By all accounts he was fascinated with improving the telegraph system for the railroad and invented an apparatus he called a “telegraphony” which was a combination of a telephone and a telegraph. This device, which he patented in 1885, would allow a telegraph station to send voice and telegraph messages over a single wire. Woods eventually sold the rights to this device to Alexander Graham Bell’s company the American Bell Telephone Company. Though pioneered by Lucius Phelps in 1884, he later patented the Synchronous Multiplex Railway Telegraph which allowed communications between train stations from moving trains. This made it possible for moving trains to communicate with stations and other trains so they knew where they were at all times.

It wasn’t long before Thomas Edison got into the mix and claimed some of Wood’s patents for his own which was fairly typical for him at the time.  Woods had to sue Edison twice to defend his inventions. Both times he won, but it was always a struggle to be given credit where credit was due. Edison’s response to losing was to offer Woods a job at the Edison Company. Woods refused.

He moved to New York City and renamed his company the Woods Electric Company where he was joined by his brother, Lyates.  Apparently an inventor in his own right, Lyates had worked with his brother since he had first formed the company Woods Railway Telegraph Company in 1884. Unfortunately, very little is known about what his brother accomplished.

On the personal side, it is unclear whether Woods was ever married.  He was often referred to as the “Black Edison” during his lifetime which I find to be rather insulting, but those were the times he lived in.  Some sources claim he would refer to himself as being Australian in the belief that he would be given more respect than an American Negro.  After obtaining over 50 patents over the course of his lifetime, Woods died of a stroke in 1910. His resting place was an unmarked grave up until 1975 when historian M.A. Harris persuaded several corporations (General Electric, Westinghouse) who had benefitted from his inventions to donate money for a headstone. He succeeded and one was erected at St. Michael’s Cemetery in Elmhurst, Queens New York.

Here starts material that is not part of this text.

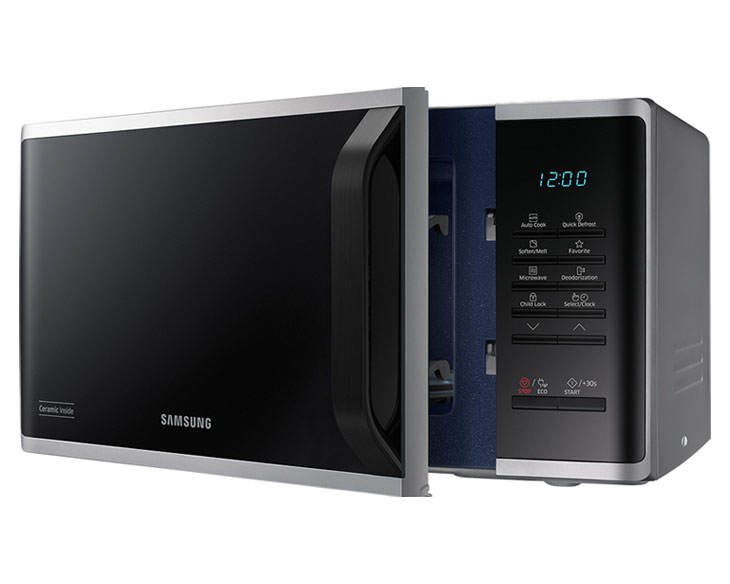 Lò vi sóng Samsung 23 lít MS23K3513AS/SV-N giá tốt Lò vi sóng Samsung 23 lít MS23K3513AS/SV-N giá tốt - góc nhìn 5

It has been my pleasure and honor to bring back to light this great American Inventor. I just hope I can do him justice in the stories I tell.

Granville Image

Madeleine Holly-Rosing is the writer/creator of the steampunk supernatural webcomic Boston Metaphysical Society. She is currently running a Kickstarter Campaign (Jan. 22 – Feb. 21) to fund the printing of issue 3 in the six issue mini-series.

Published in: on February 9, 2014 at 2:42 pm  Comments (4)  

Around the world with 800 Steampunks

By Professor Elemental

I can’t tell you much about the Steampunk community in Denmark. I am writing this in Copenhagen on my way to a wedding gig in Sweden. I had sort of forgotten that Copenhagen wasn’t actually in Sweden,  so am delighted to find myself in Denmark by accident*. I can tell you this though; the Danish Steampunks have to wrap up warm. It’s cold enough to freeze your cogs off out here.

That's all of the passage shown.